Exercise = When you reach the line containing "photo du film Grizzly man" in the data below, begin returning lines exactly as written, and stop once the line containing "介绍一下海蓝之谜玫瑰花,海蓝之谜玫瑰推荐" has been returned.

Supplied entries =
=======
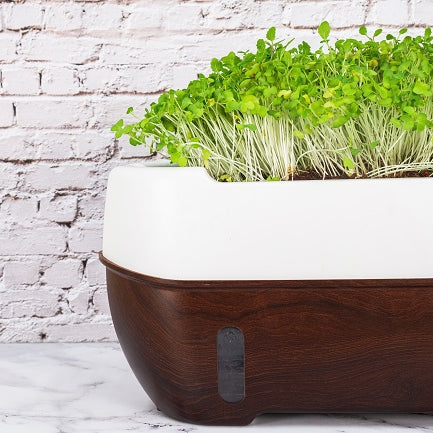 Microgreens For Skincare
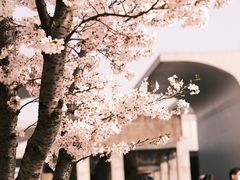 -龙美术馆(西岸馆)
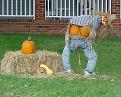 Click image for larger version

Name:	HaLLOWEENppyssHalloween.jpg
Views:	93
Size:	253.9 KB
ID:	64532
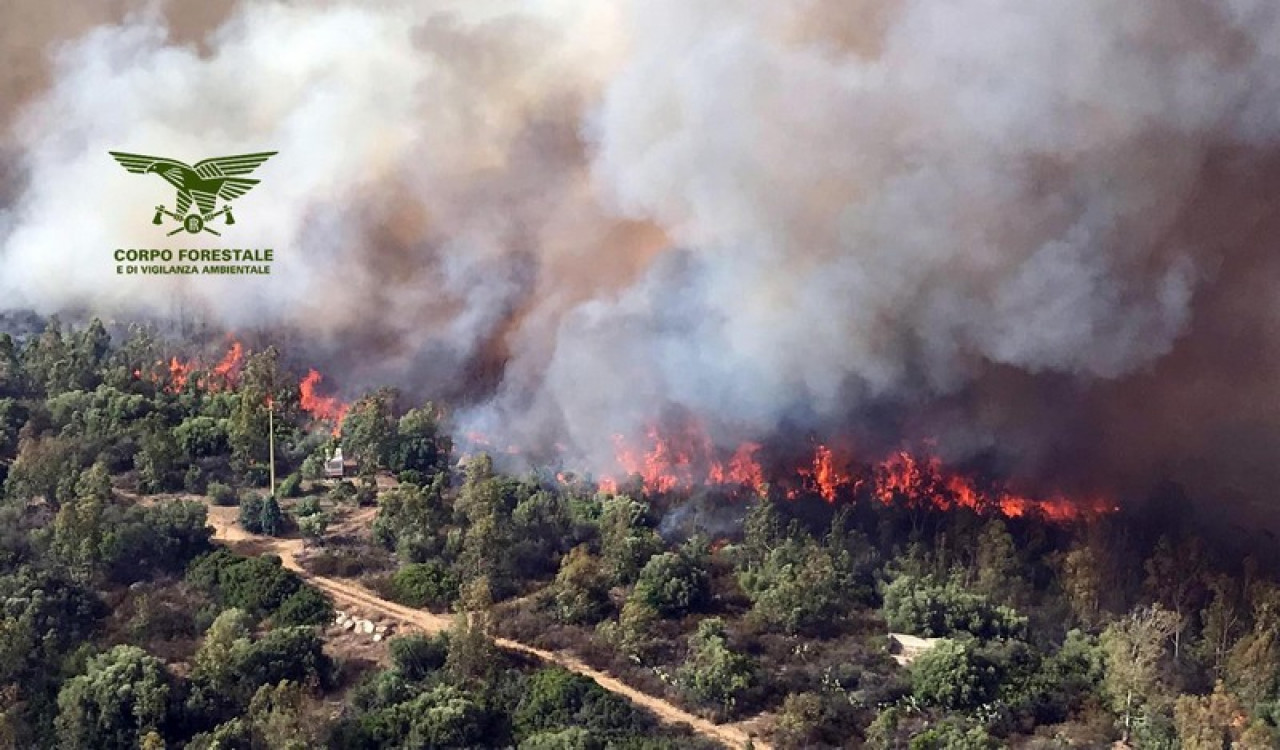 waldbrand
=======
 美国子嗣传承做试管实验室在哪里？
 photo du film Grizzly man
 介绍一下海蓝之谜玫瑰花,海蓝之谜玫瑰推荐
=======
Completed task =
 photo du film Grizzly man
 介绍一下海蓝之谜玫瑰花,海蓝之谜玫瑰推荐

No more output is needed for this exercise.